Step 1: Calculate \( f(0) \) and \( f(4) \). - For \(f(0)\): \[ f(0) = (0 - 1)(0 - 2)(0 - 3) = (-1)(-2)(-3) = -6. \] - For \(f(4)\): \[ f(4) = (4 - 1)(4 - 2)(4 - 3) = (3)(2)(1) = 6. \] Step 2: Find the derivative of \(f(x)\). Using the product rule, the derivative of \(f(x) = (x - 1)(x - 2)(x - 3)\) is: \[ f'(x) = \frac{d}{dx} \left( (x - 1)(x - 2)(x - 3) \right). \] Using the product rule for three functions: \[ f'(x) = (x - 2)(x - 3) + (x - 1)(x - 3) + (x - 1)(x - 2). \] Simplifying each term: \[ f'(x) = (x^2 - 5x + 6) + (x^2 - 4x + 3) + (x^2 - 3x + 2). \] Combine like terms: \[ f'(x) = 3x^2 - 12x + 11. \] Step 3: Apply the Mean Value Theorem.
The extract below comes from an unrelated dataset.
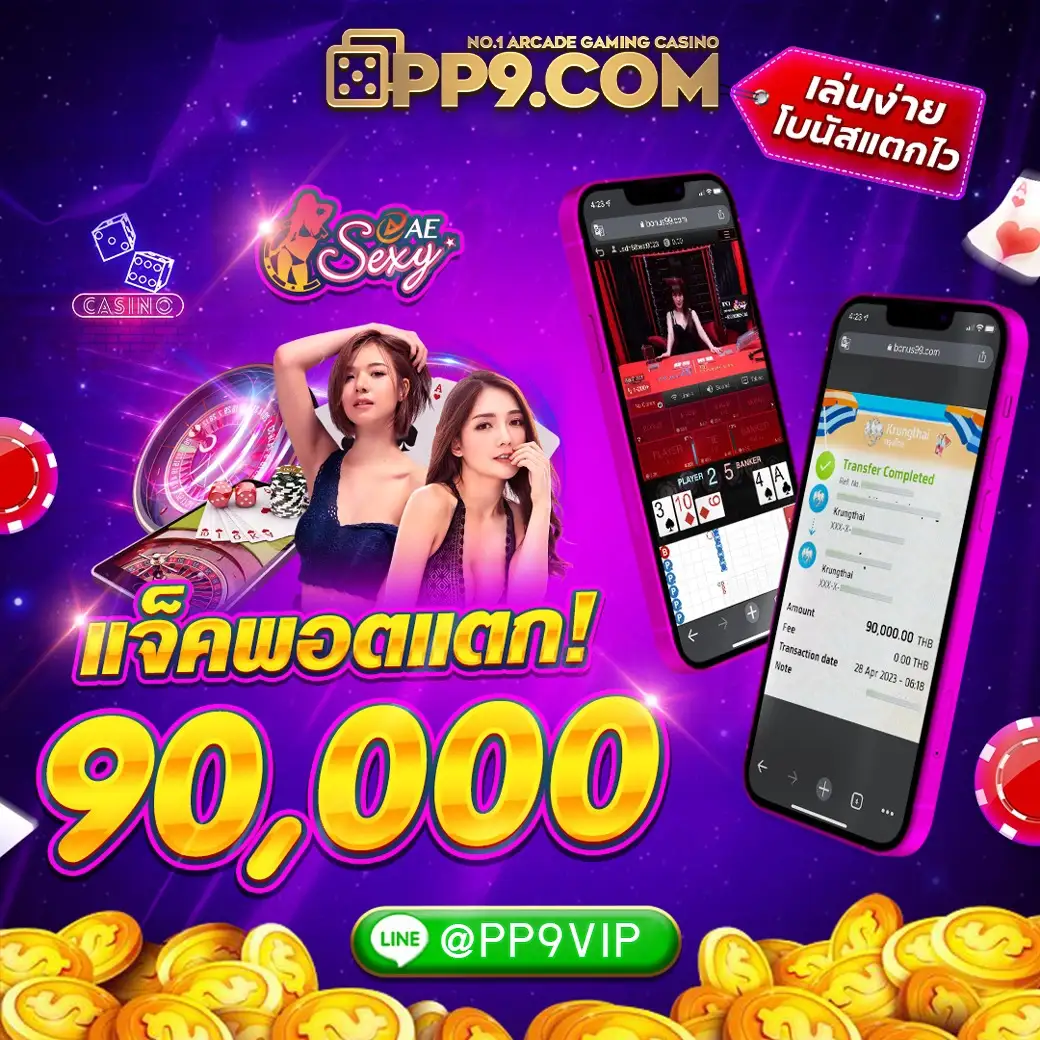 1588สล็อต แพลตฟอร์มเกมสล็อตออนไลน์หลากหลาย ครบวงจร มั่นคงปลอดภัย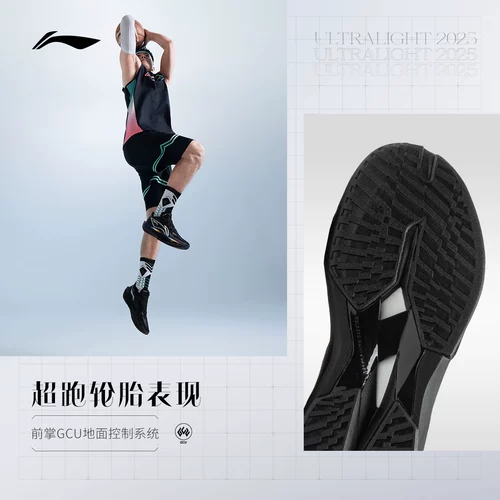 Li Ning Super Light 2025 丨 Ultra Light Super Basketball Shoes Мужские дышащие практические туфли.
The Mean Value Theorem states: \[ f'(c) = \frac{f(4) - f(0)}{4 - 0}. \] Substituting \(f(4) = 6\) and \(f(0) = -6\): \[ f'(c) = \frac{6 - (-6)}{4} = \frac{12}{4} = 3. \] Thus, \(f'(c) = 3\). Step 4: Solve for \(c\) by setting \(f'(c) = 3\). From \(f'(x) = 3x^2 - 12x + 11\), set this equal to 3: \[ 3x^2 - 12x + 11 = 3. \] Simplifying: \[ 3x^2 - 12x + 8 = 0. \] Divide through by 3: \[ x^2 - 4x + \frac{8}{3} = 0. \] Use the quadratic formula: \[ x = \frac{-(-4) \pm \sqrt{(-4)^2 - 4(1)\left(\frac{8}{3}\right)}}{2(1)} = \frac{4 \pm \sqrt{16 - \frac{32}{3}}}{2}. \] Simplifying the discriminant: \[ x = \frac{4 \pm \sqrt{\frac{48}{3} - \frac{32}{3}}}{2} = \frac{4 \pm \sqrt{\frac{16}{3}}}{2}. \] \[ x = \frac{4 \pm \frac{4}{\sqrt{3}}}{2}. \] Thus: \[ x = 2 \pm \frac{2}{\sqrt{3}}. \] So, the value of \(c\) is: \[ c = 2 + \frac{2}{\sqrt{3}}. \]